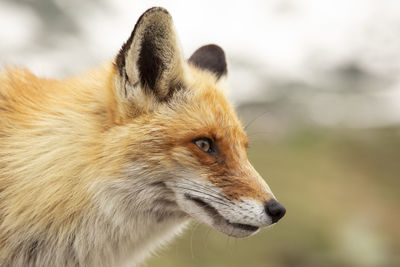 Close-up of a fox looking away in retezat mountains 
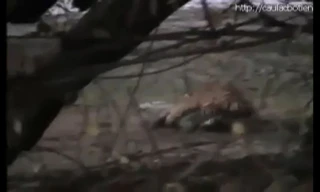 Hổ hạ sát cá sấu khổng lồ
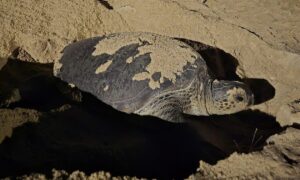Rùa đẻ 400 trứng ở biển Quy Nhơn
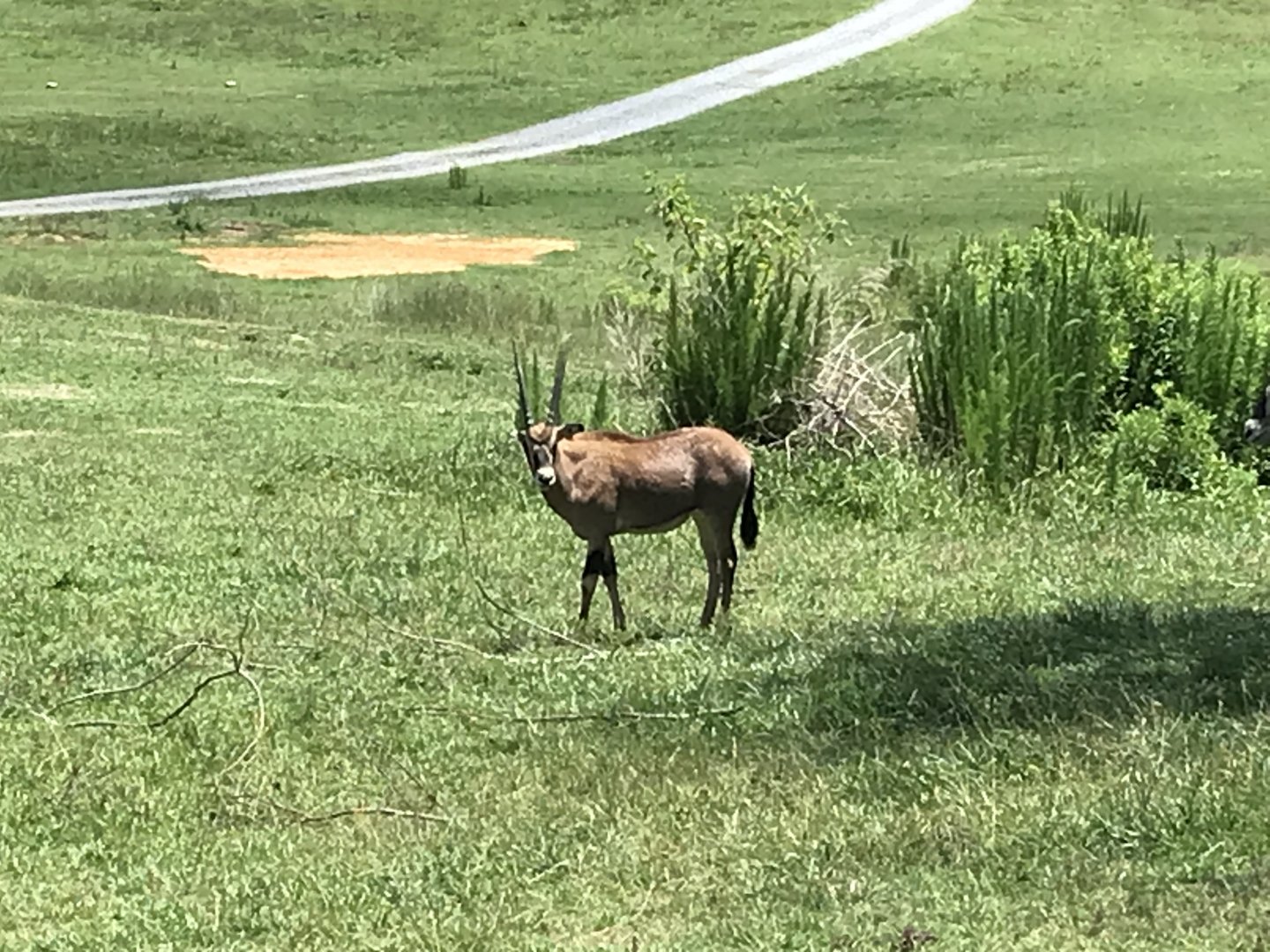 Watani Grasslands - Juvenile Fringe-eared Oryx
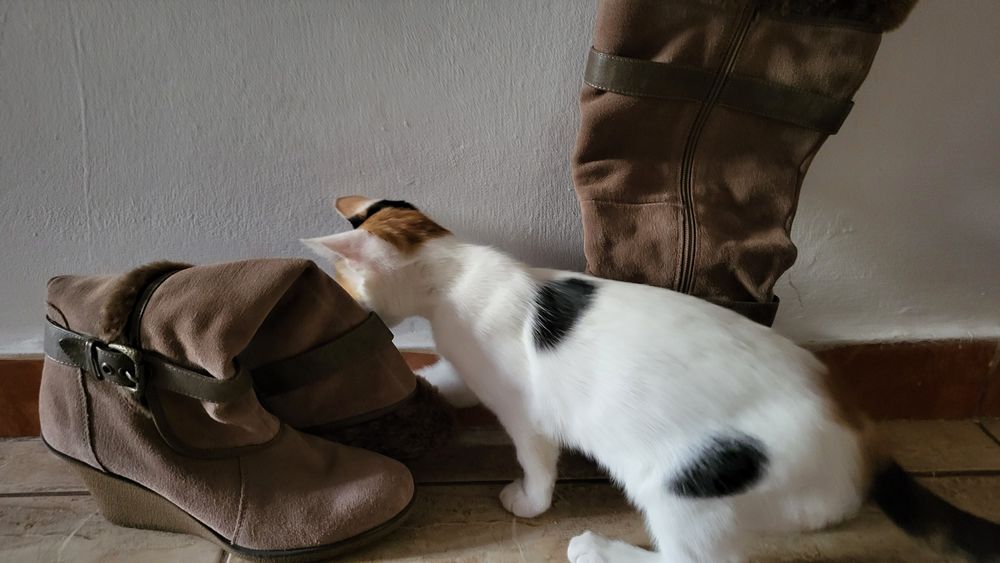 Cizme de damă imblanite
---
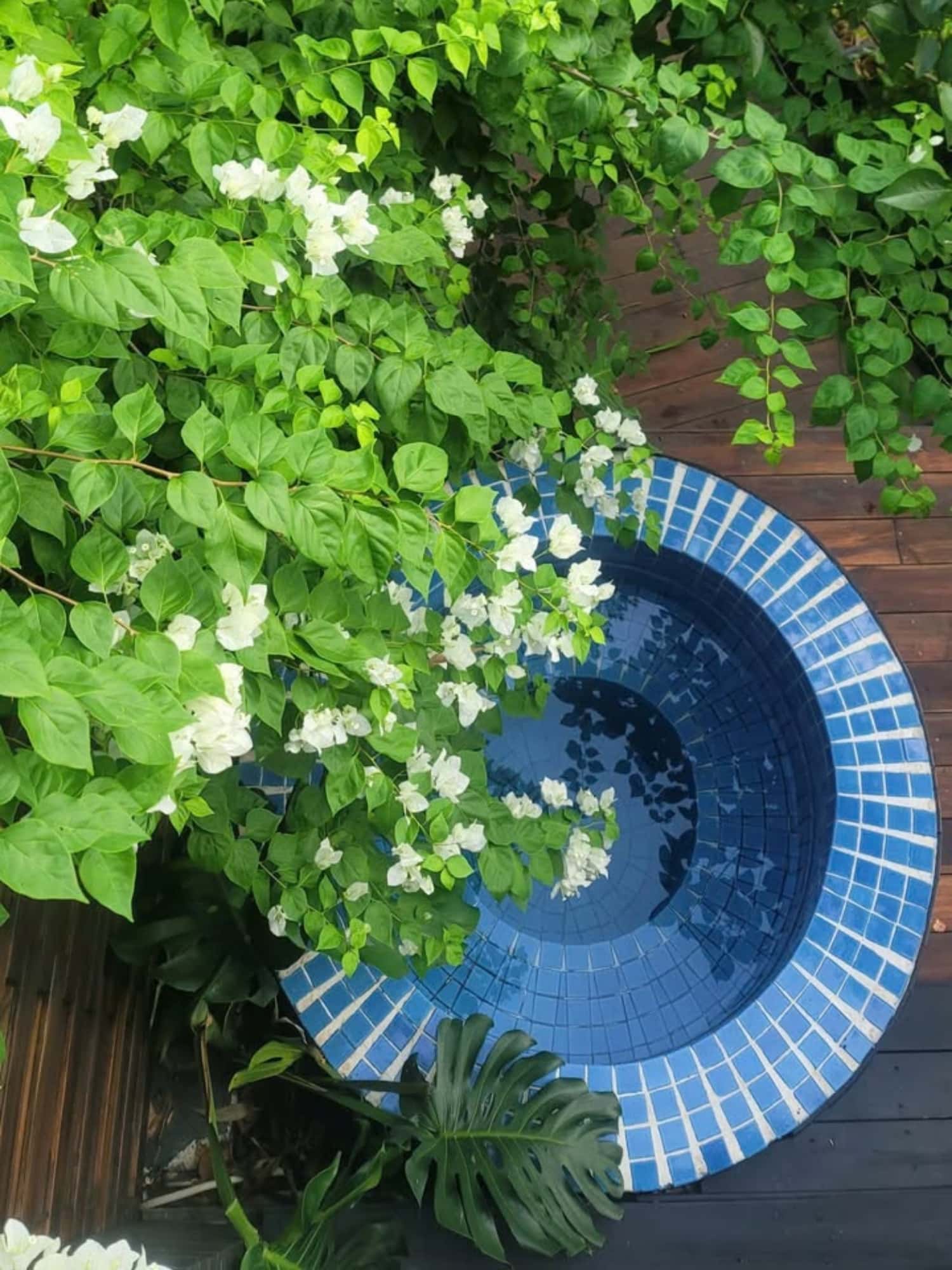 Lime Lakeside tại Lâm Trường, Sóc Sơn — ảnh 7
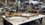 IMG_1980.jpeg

**Aim of the exercise**
Copy only these lines from the records above, exactly: the one with "Lime Lakeside tại", the one with "IMG_1980.jpeg", and those between. Skip the pictures.

**Answer box**
 Lime Lakeside tại Lâm Trường, Sóc Sơn — ảnh 7
 IMG_1980.jpeg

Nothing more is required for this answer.